Deep Online Correction for Monocular Visual Odometry
This work addresses accuracy and efficiency challenges in monocular visual odometry for robotics and autonomous systems, representing an incremental improvement over existing methods.
The authors tackled the problem of improving monocular visual odometry by proposing a deep online correction framework that refines initial pose predictions from CNNs through gradient-based photometric error minimization during inference, achieving a relative transform error of 2.0% on the KITTI Odometry benchmark for Seq. 09.

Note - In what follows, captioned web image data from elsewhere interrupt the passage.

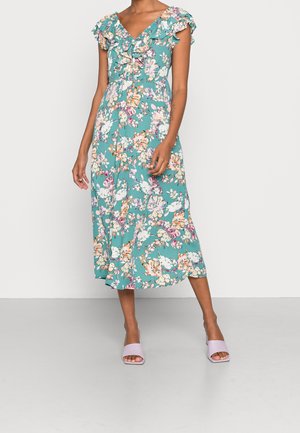 Robe midi turquoise à imprimé floral avec décolleté en V à volants et manches courtes, portée avec des sandales à talons ouvertes violet clair sur fond uni.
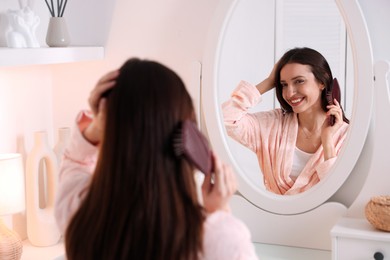 Photo of Beautiful woman brushing her hair near mirror at home, selective focus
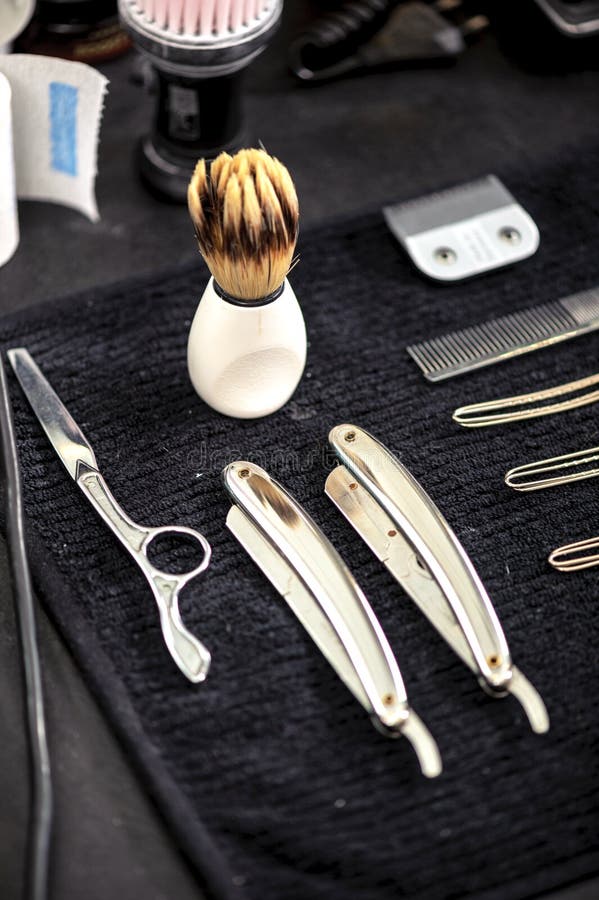 Traditional barbershop tools including straight razors, shaving brush, and scissors arranged on black towel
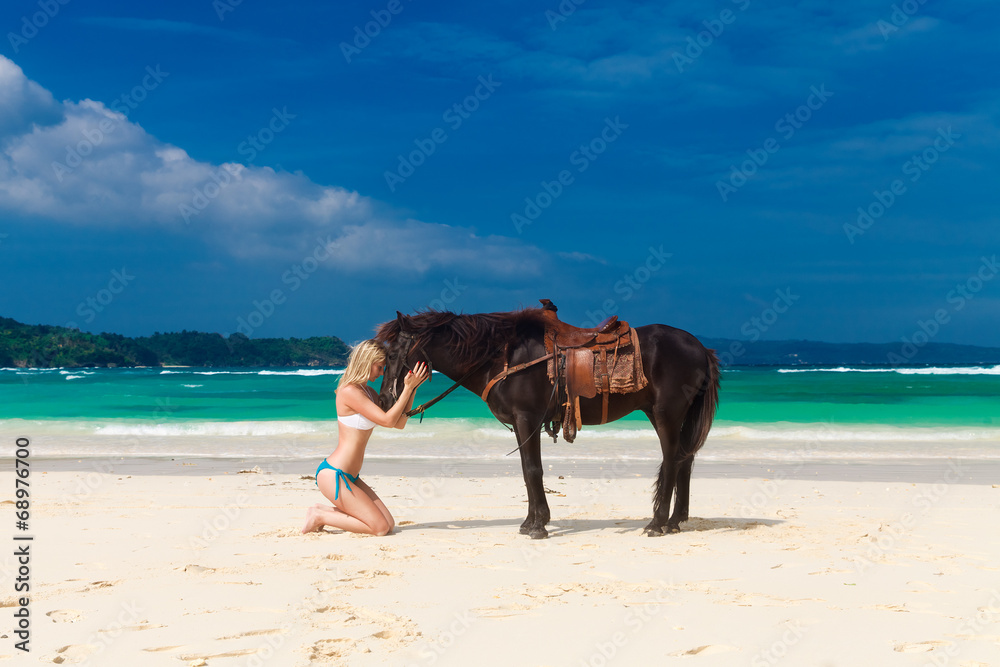 happy girl walking with horse on a tropical beach happy girl walking with horse on a tropical beach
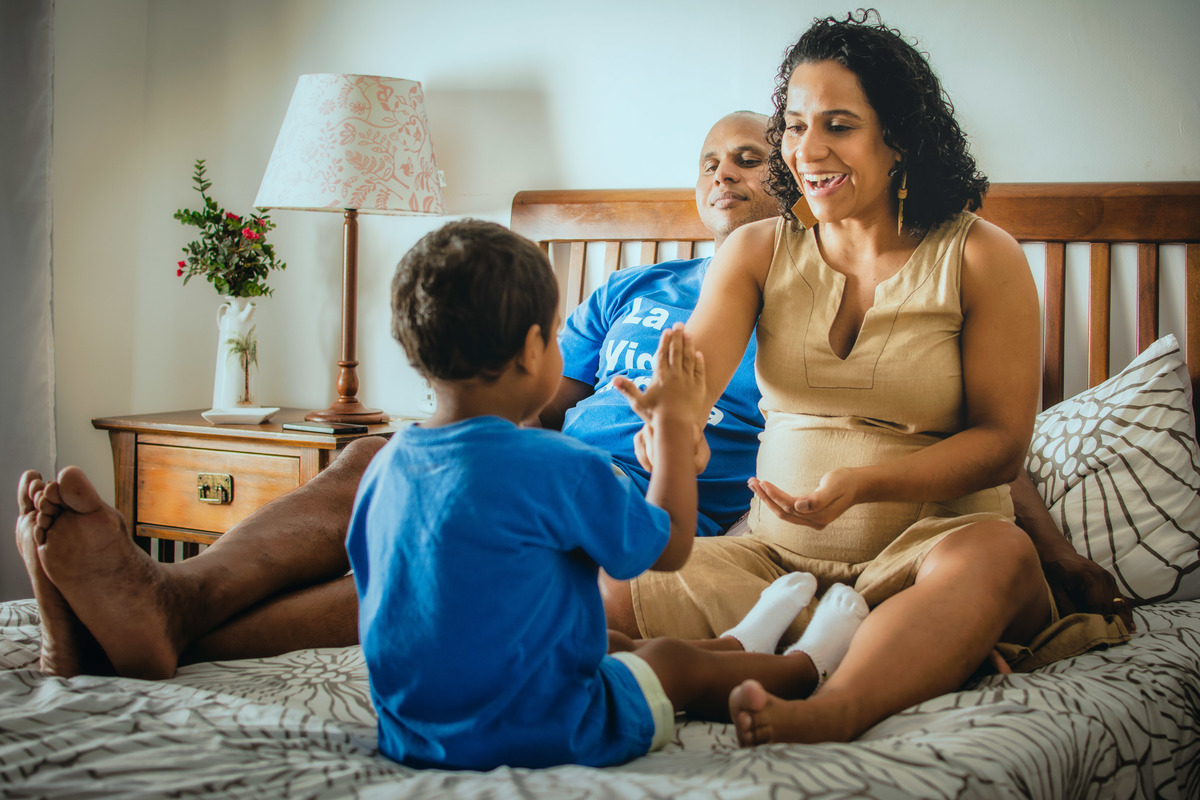 Mãe e filho brincando de pedra, papel e tesoura.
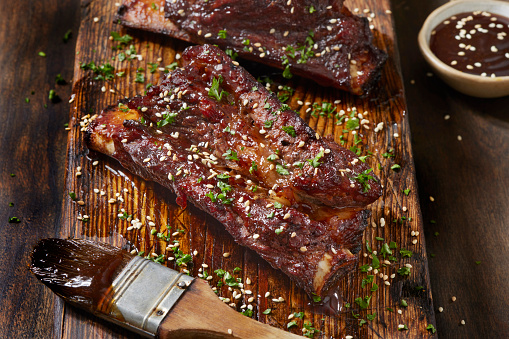 Korean Style Sticky Beef Ribs with Sesame Seeds and fresh Parsley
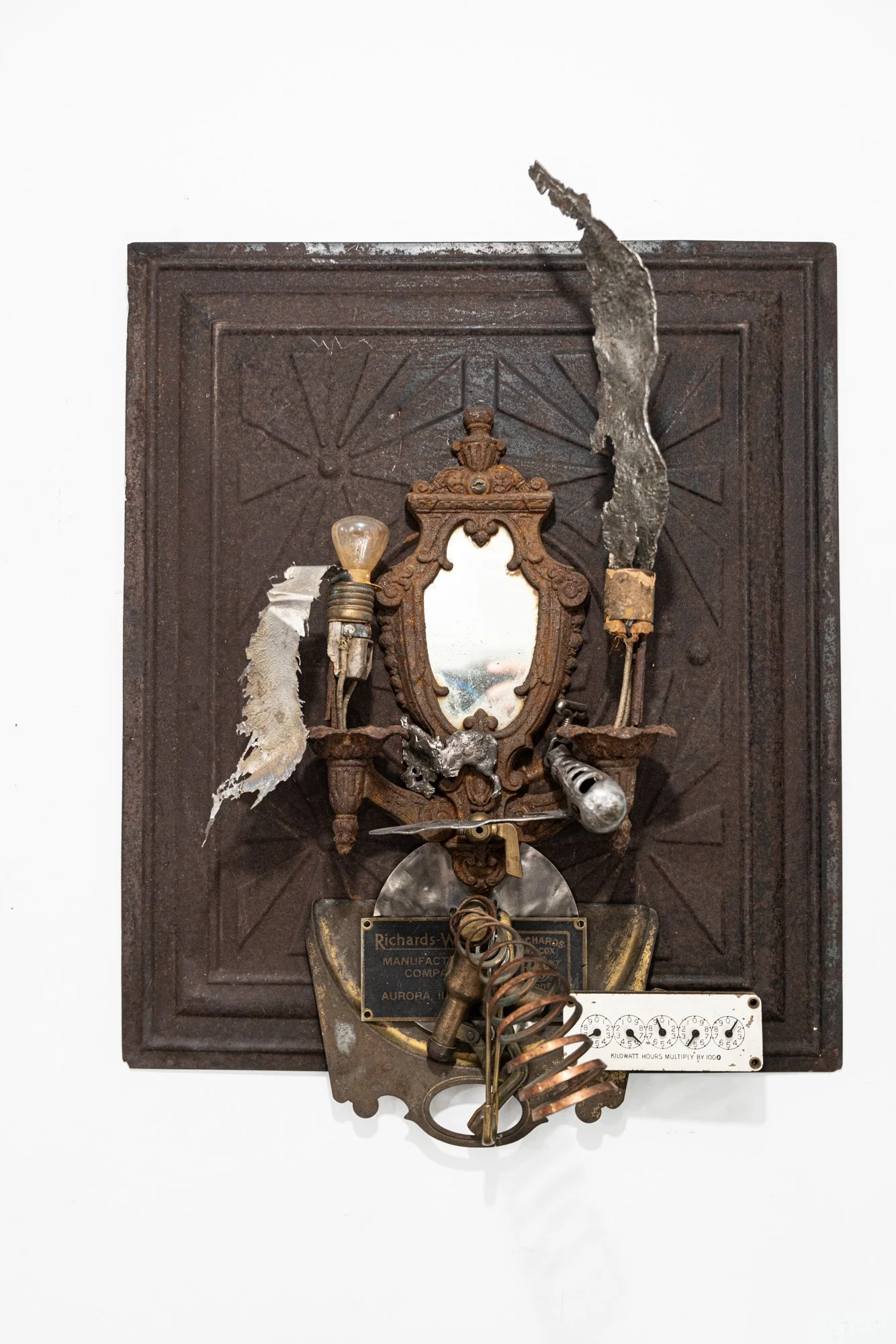 Thermal Evidence - Inspired by those objects that generate energy. Vintage tin panel, light with mirror, cast stainless steel, machine parts, copper, brass, energy use gauge. 28” x 15.5” x 12”. 2019.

In this work, we propose a novel deep online correction (DOC) framework for monocular visual odometry. The whole pipeline has two stages: First, depth maps and initial poses are obtained from convolutional neural networks (CNNs) trained in self-supervised manners. Second, the poses predicted by CNNs are further improved by minimizing photometric errors via gradient updates of poses during inference phases. The benefits of our proposed method are twofold: 1) Different from online-learning methods, DOC does not need to calculate gradient propagation for parameters of CNNs. Thus, it saves more computation resources during inference phases. 2) Unlike hybrid methods that combine CNNs with traditional methods, DOC fully relies on deep learning (DL) frameworks. Though without complex back-end optimization modules, our method achieves outstanding performance with relative transform error (RTE) = 2.0% on KITTI Odometry benchmark for Seq. 09, which outperforms traditional monocular VO frameworks and is comparable to hybrid methods.